Part of Advances in Neural Information Processing Systems 25 (NIPS 2012)
Gary Huang, Marwan Mattar, Honglak Lee, Erik Learned-miller
Unsupervised joint alignment of images has been demonstrated to improve performance on recognition tasks such as face verification. Such alignment reduces undesired variability due to factors such as pose, while only requiring weak supervision in the form of poorly aligned examples. However, prior work on unsupervised alignment of complex, real world images has required the careful selection of feature representation based on hand-crafted image descriptors, in order to achieve an appropriate, smooth optimization landscape. In this paper, we instead propose a novel combination of unsupervised joint alignment with unsupervised feature learning. Specifically, we incorporate deep learning into the {\em congealing} alignment framework.

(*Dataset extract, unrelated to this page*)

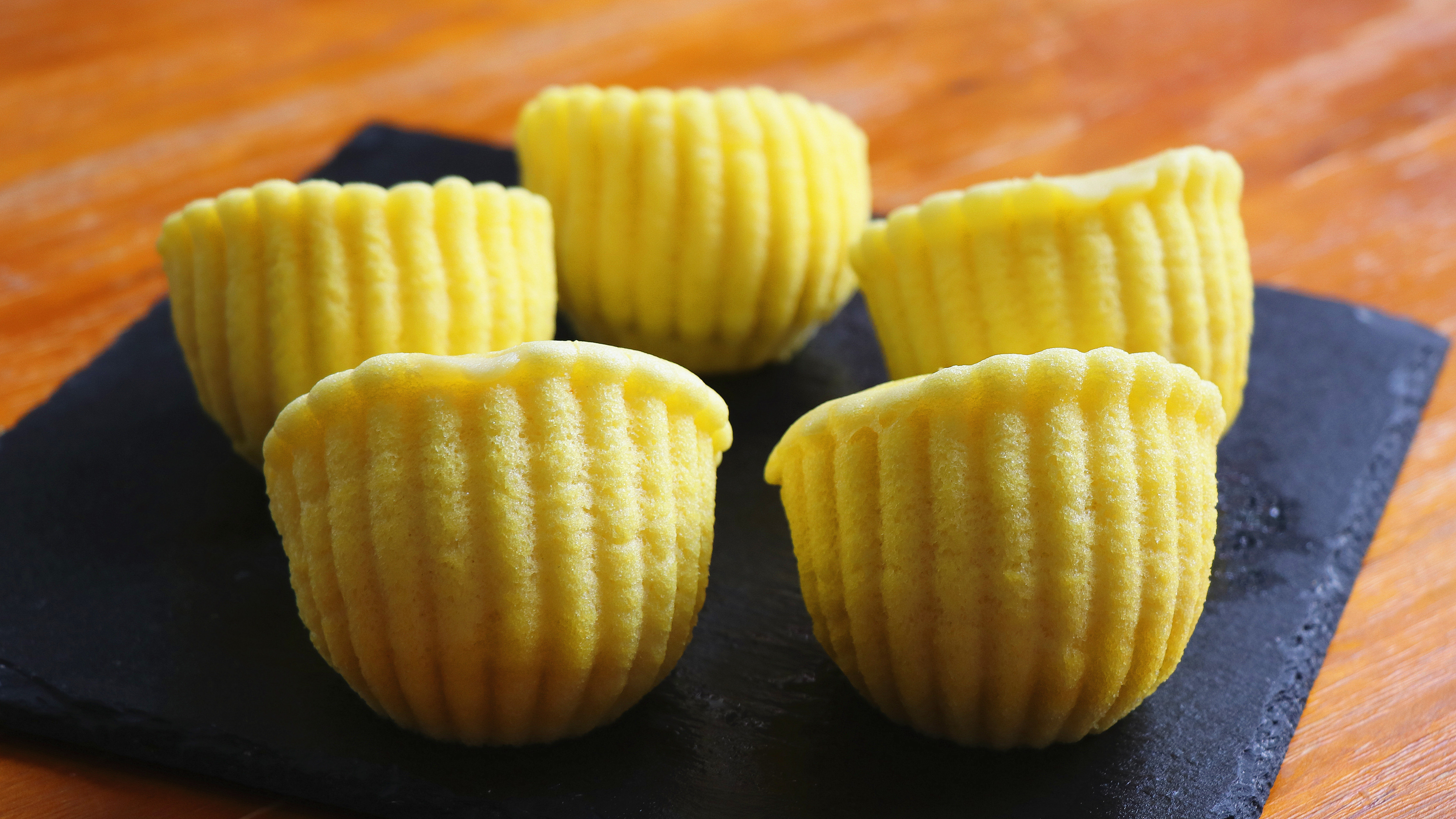 家里有面粉的试试做下这个奇奇怪怪的东西,松软细腻,方法简单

Through deep learning, we obtain features that can represent the image at differing resolutions based on network depth, and that are tuned to the statistics of the specific data being aligned. In addition, we modify the learning algorithm for the restricted Boltzmann machine by incorporating a group sparsity penalty, leading to a topographic organization on the learned filters and improving subsequent alignment results. We apply our method to the Labeled Faces in the Wild database (LFW). Using the aligned images produced by our proposed unsupervised algorithm, we achieve a significantly higher accuracy in face verification than obtained using the original face images, prior work in unsupervised alignment, and prior work in supervised alignment. We also match the accuracy for the best available, but unpublished method.